I just finished my first reading of Seth Godin's new free eBook, Stop Stealing Dreams. After my first reading, I decided to read it again, take more notes, and highlight more passages.
Here are a few of my thoughts after my initial reading.
- Students are probably NOT dreaming about how school helps them prepare for the future when they are not in school. These dreams are more likely to occur in classes that either put students to sleep or are so unclear about their relevance that students begin daydreaming.
- Dreams become reality when we take action to make them come true. This is applicable to teachers, schools, students, and parents.
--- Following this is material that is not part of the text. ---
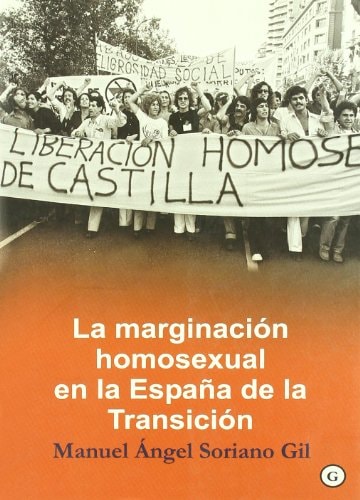 La marginación homosexual en la España de la Transición (Spanish Edition)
Anyone can act on their dreams (it isn't dependent on someone else).
- Many teachers want to provide what students need, but when teacher education hasn't caught up to those needs, teaches are left to make their best guess which, if not effective, can give the appearance of helplessness.
- Some schools do content, facts, and tests well. Some schools do problem based, experiential learning well. Most rare are the schools that do both well.
- The answer may not be to change the system completely. It may be to add an additional system that balances and compliments the other for schools that cannot do both well enough. Maybe a Bicameral System of Education - one "house" based on content, facts, and testing, the other "house" set up for problem based, experiential, social learning (I am currently working on a post with more details about this idea).
- If the current system was set up to feed the economy and produce obedient factory workers for the industrial age, is it hypocritical to suggest we change the system to feed the "new" post-industrial age economy? I guess I'm asking if it is any better to want schools to develop students with the necessary skills to fuel the current economy than it is to criticize them for doing basically the same thing for the "older" economy? I'm just asking...
I have been a big follower of Seth's work for some time. I applaud his new work as a bold statement about the state of the education system in the US. As with everything from Seth that I have read, Stop Stealing Dreams, at a few points, made me a little uncomfortable. That is one of the most important reasons why I read Seth's work and recommend this, and all his books, to others.
Remember, stealing dreams is impossible when students can't dream in your class because they are too busy doing relevant and meaningful work that prepares them for THEIR future (not our past).
Everything else induces sleep, which is when the dreaming begins - not a good strategy for effective teaching, unless your goal is to steal dreams.